A video of some of the preparatory flood alleviation work has been created free of charge by local company Site Eye Time-lapse who specialise in installing cameras to remotely monitor construction and infrastructure projects in the UK and worldwide.  It can be viewed at https://vimeo.com/user25873713/review/235889045/0186b27f17 or www.eyeoncalderdale.com

Dan East, marketing manager at Site Eye Time Lapse, said: “We wanted to help document the flood alleviation works in the town.

“Most of our projects tend to be in London so it was nice to be able to walk from our headquarters in Mytholmroyd to set up a project for a change. It was one of our Hebden Bridge based engineers that that pushed forward with the idea and he worked in his own time to install the cameras.”

The Calderdale Flood Partnership Board approved funding the £30m flood scheme to improve the protection for homes and businesses in Mytholmroyd

The scheme has been developed in partnership with Calderdale Council, the local community and stakeholders. Construction is expected to start later this year.

Regular information bulletins about the scheme are posted on  www.eyeoncalderdale.com and at various sites throughout the village.

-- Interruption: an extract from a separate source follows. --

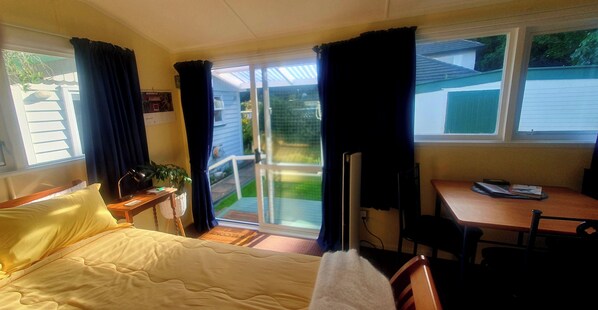 Room - “Looking for the Best Affordable B&B Accommodation in Waikanae?” (Waikanae)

You can also contact the project team by email – mytholmroydFAS@environment-agency.gov.uk

Following the flooding of December 2015, the Environment Agency has completed six new schemes, reducing flood risk to 500 homes as part of a £9 million recovery programme across Calderdale.

In Mytholmroyd, significant work to clear the channel, repair damaged walls and make safe damaged buildings has already been carried out. This includes repairing and strengthening more than 100 assets throughout the valley, many of which were flood-damaged.